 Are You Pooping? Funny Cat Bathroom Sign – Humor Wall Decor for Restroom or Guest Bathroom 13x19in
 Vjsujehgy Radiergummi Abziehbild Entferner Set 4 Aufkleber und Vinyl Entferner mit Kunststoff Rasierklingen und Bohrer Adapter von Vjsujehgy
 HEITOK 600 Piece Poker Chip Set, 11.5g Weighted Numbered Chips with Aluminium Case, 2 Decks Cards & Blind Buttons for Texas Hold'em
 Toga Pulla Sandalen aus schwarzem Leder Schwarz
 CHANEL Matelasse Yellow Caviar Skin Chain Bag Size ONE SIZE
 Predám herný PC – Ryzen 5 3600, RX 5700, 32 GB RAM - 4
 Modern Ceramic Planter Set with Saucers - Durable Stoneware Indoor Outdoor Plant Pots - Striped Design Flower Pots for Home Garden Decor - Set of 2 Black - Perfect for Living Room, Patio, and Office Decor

|---|

__Exercise__.
Print the line that contains "Toga Pulla Sandalen", then every later line of the entries above up to and including the last, all exactly as written.

__Solution to this exercise__.
 Toga Pulla Sandalen aus schwarzem Leder Schwarz
 CHANEL Matelasse Yellow Caviar Skin Chain Bag Size ONE SIZE
 Predám herný PC – Ryzen 5 3600, RX 5700, 32 GB RAM - 4
 Modern Ceramic Planter Set with Saucers - Durable Stoneware Indoor Outdoor Plant Pots - Striped Design Flower Pots for Home Garden Decor - Set of 2 Black - Perfect for Living Room, Patio, and Office Decor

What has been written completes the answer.